La principal herramienta en el complejo proceso de construcción de la dominación es comunicacional, ya que como en toda etapa histórica, la opresión se funda en la aceptación por parte de las víctimas de su condición subordinada. De allí que se inviertan millones y millones de dólares en industrias culturales que aparentan ser apenas de entretenimiento, pero que en realidad son un mecanismo político e ideológico decisivo para la continuidad del proceso de explotación y marginalidad.
Pasando por el pasotismo y la diversión, así se llega a la farandulización y casi a la ficcionalización de hechos de la realidad. El argentino Raúl Isman sostiene que las megaindustrias culturales del entretenimiento –los monopolios que tienen mayor poder económico, cultural y simbólico–, persiguen no solo que pasemos hambre, frío, sed, sino que nos exigen que además estemos alegres, contentos por eso.
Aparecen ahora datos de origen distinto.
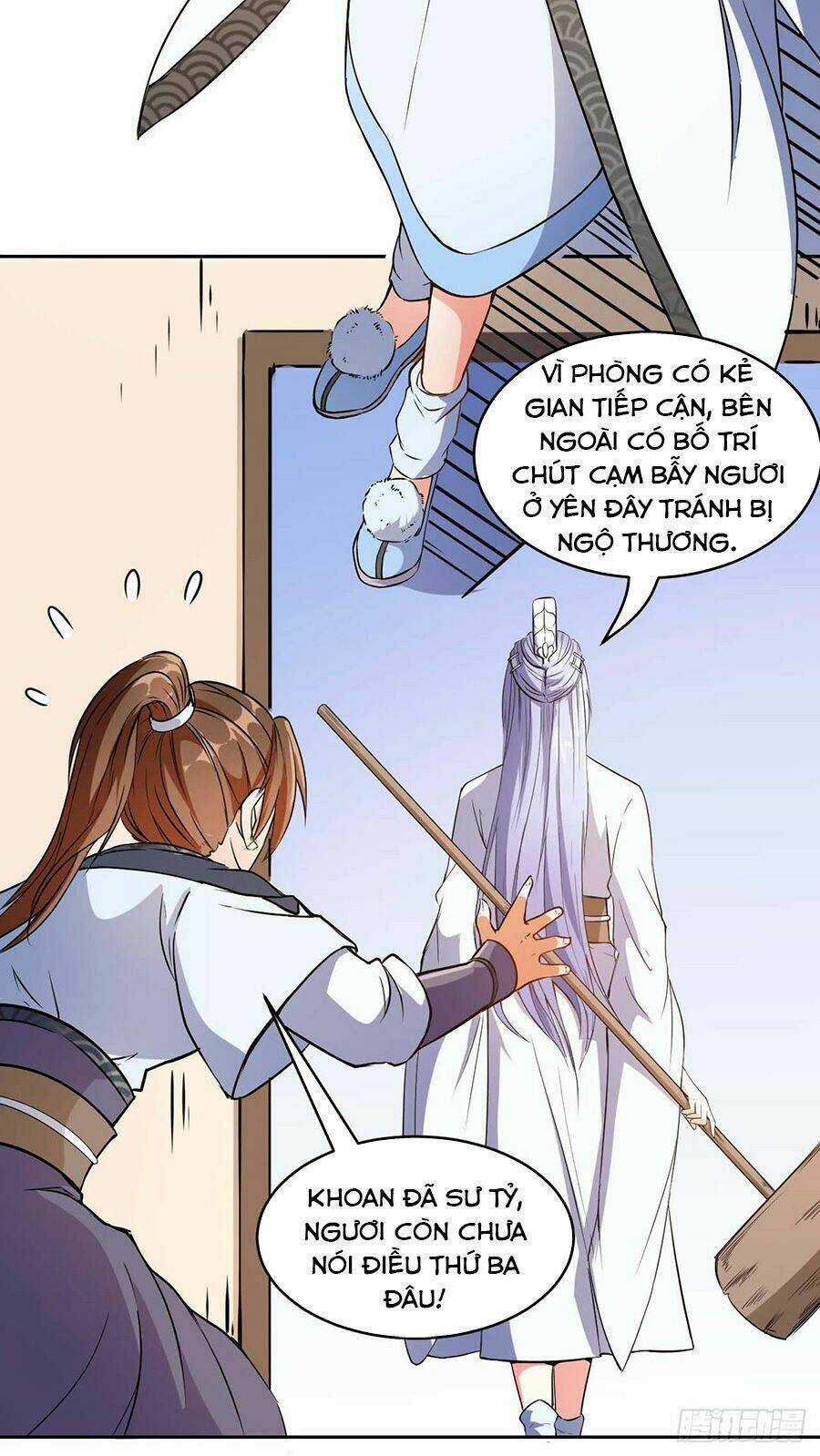 Sư Tỷ Của Ta Đông Đến Một Đám Chapter 2.5 trang 13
Las sociedades contemporáneas, más aún en esta etapa de la globalización posmoderna, son de un carácter marcadamente mediático. Tal como afirma el sociólogo español Manuel Castells, es un sistema de retroalimentación entre espejos distorsionantes: los medios de comunicación son la expresión de nuestra cultura, y nuestra cultura penetra primordialmente mediante los materiales proporcionados por los medios de comunicación.
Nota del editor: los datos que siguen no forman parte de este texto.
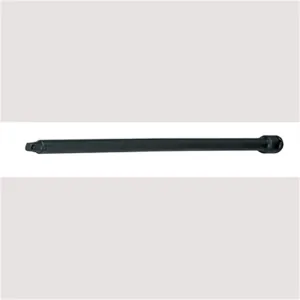 Grey Pneumatic 1/2" F x 3/8" M x 18" Adapter with Locking Pin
Los medios agigantan su función hasta confundirse con la sociedad misma, hecho legitimado por las personas que viven su vida a través de ellos, fantaseando con convertirse en héroes de hazañas guerreras, deportivas –o por qué no– de alcoba. En un complejo proceso de prestidigitación catódica el suceso de la vida real se convierte en folletín televisivo de aristas escabrosas o más bien en thriller erótico, señala Isman.
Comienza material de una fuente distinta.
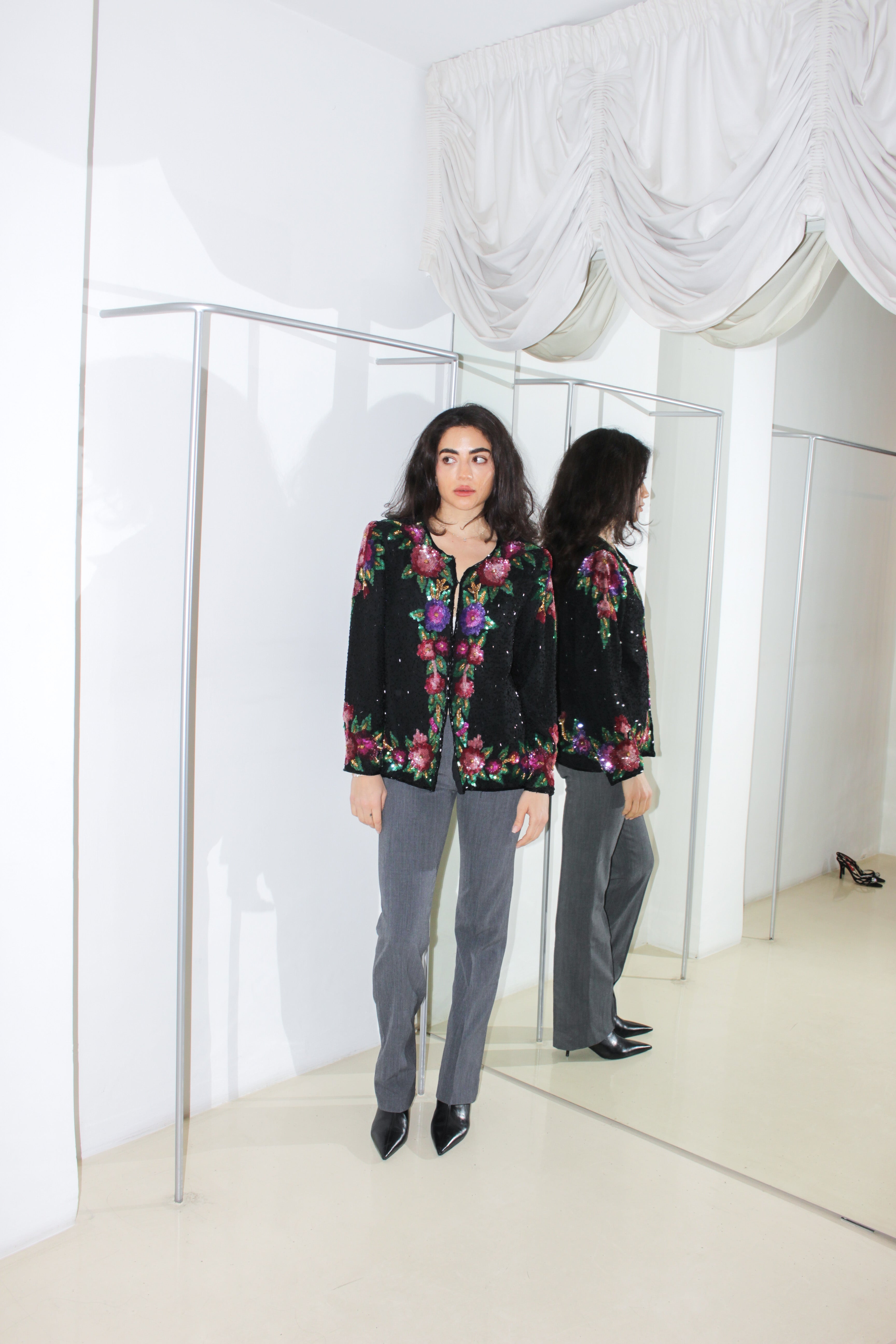 Vintage Beaded Jacket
La vida de los sectores más pobres carece de valor, el asesinato de una mujer blanca toma dimensiones que nunca lograría el de una mujer pobre o de tez más oscura e incluso un hombre de igual condición que la primera. Se cruzan aquí varias formas de segmentar la sociedad, de carácter social, sexual, étnico, y el espectador se acostumbra a no diferenciar la riqueza conceptual de las distintas intervenciones, subsumiéndolas bajo el común “lo dijo la tele”.
En la sociología de la comunicación se suele analizar a las personas que, mediáticamente tocadas, se prestan a todo tipo de manipulaciones, de las más diversas, con el solo fin de disfrutar de algunos segundos de figuración. Así se cumplen también algunas necesidades del poder: los ciudadanos quedan divididos entre ignotos y famosos (aunque sea visible por unos segundos en la pantalla). Mucha gente común sueña con que le llegue esos cinco minutos de gloria, tocados por la varita mágica del hada televisiva.
Los medios utilizan cualquier tema para instalar en la percepción colectiva su particular visión manipuladora, donde las víctimas son culpables y los victimarios invisibilizados, apuntando a naturalizar las desigualdades sociales, de género o de acceso a bienes fundamentales. Se alienta así la creencia en que la única igualdad posible reside en la eventualidad de aparecer frente a la pantalla. Obviamente, si los subordinados emplean toda su energía en alcanzar su igualdad ante las pantallas, no intentarán otras equidades más acuciantes, urgentes, necesarias, colectivas, ¿no?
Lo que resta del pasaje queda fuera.